1. Introduction
This chapter introduces the basic concepts of URIs, design considerations, and syntax notation.
Overview
A Uniform Resource Identifier (URI) provides a simple and extensible means for identifying a resource.
Historical Background:
- Derived from concepts introduced by the World Wide Web global information initiative
- Use of these identifiers dates from 1990
- This document obsoletes RFC 2396, merging URL and relative URL specifications
This Specification:
- Defines a single, generic syntax for all URIs
- Introduces IPv6 address syntax
- Excludes specific syntax of individual URI schemes (updated in separate documents)
1.1. Overview of URIs
Characteristics of URIs
URI characteristics can be summarized by three words: Uniform, Resource, Identifier
Uniform
Benefits of Uniformity:
-
Context-Independence: Allows different types of resource identifiers to be used in the same context, even when access mechanisms differ
-
Semantic Consistency: Allows uniform semantic interpretation of common syntactic conventions across different types of resource identifiers
-
Extensibility: Allows introduction of new types of resource identifiers without interfering with existing identifiers
-
Reusability: Allows identifiers to be reused in many different contexts, permitting new applications or protocols to leverage a pre-existing, large, and widely used set of resource identifiers
Example:
http://example.com/page
ftp://example.com/file
mailto:[email protected]
All use the same generic syntax structure
Resource
Scope of Resources: This specification does not limit what might be a resource; the term "resource" is used in a general sense for whatever might be identified by a URI.
Familiar Examples:
- 📄 Electronic documents
- 🖼️ Images
- 📊 Information sources with consistent purpose (e.g., "today's weather report for Los Angeles")

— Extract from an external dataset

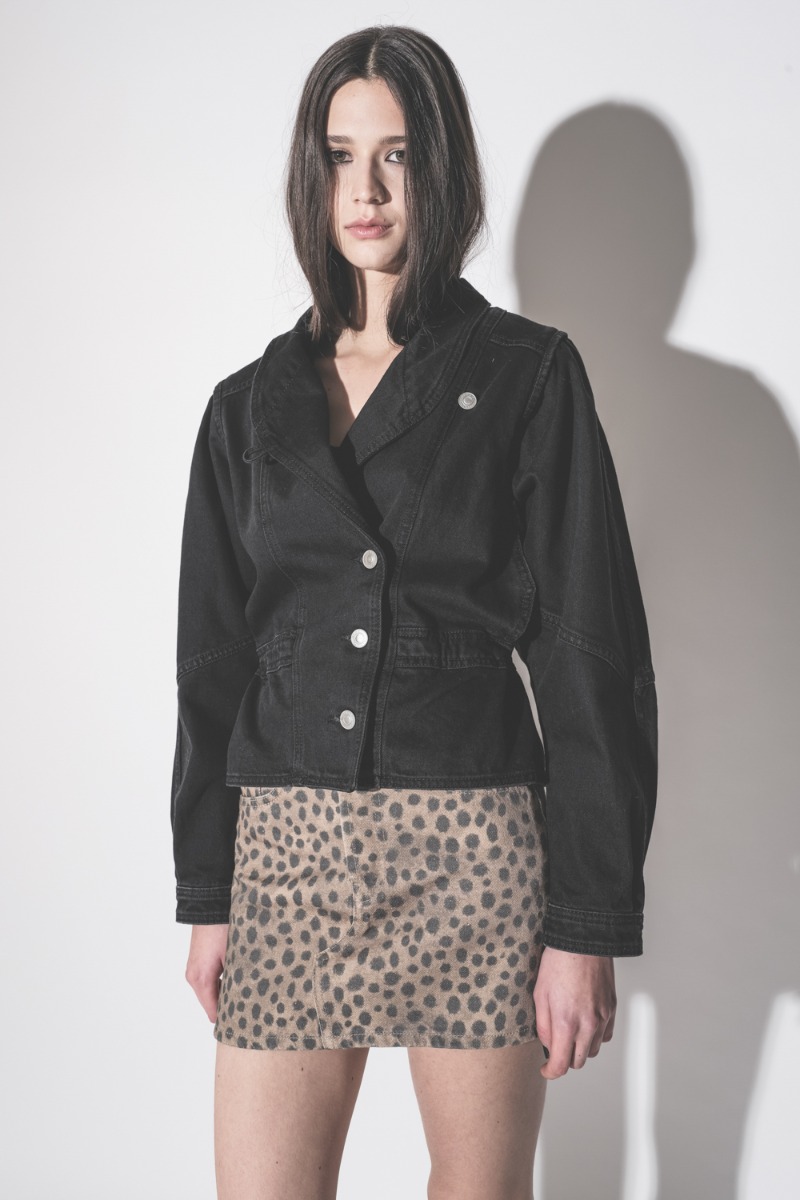 Veste Dolie Isabel Marant en denim noir, port&eacute;e ferm&eacute;e de face.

- 🔧 Services (e.g., HTTP-to-SMS gateway)
- 📚 Collections of other resources
Broader Resources:
- 🧑 Human beings
- 🏢 Corporations
- 📖 Bound books in a library
- 🔢 Abstract concepts (mathematical operators, relationship types, numeric values)
Key Point: Resources are not necessarily accessible via the Internet
Identifier
Definition: An identifier embodies the information required to distinguish what is being identified from all other things within its scope of identification.
Meaning of "Identify":
- Refers to the purpose of distinguishing one resource from all others
- Does not consider how that purpose is accomplished (e.g., by name, address, or context)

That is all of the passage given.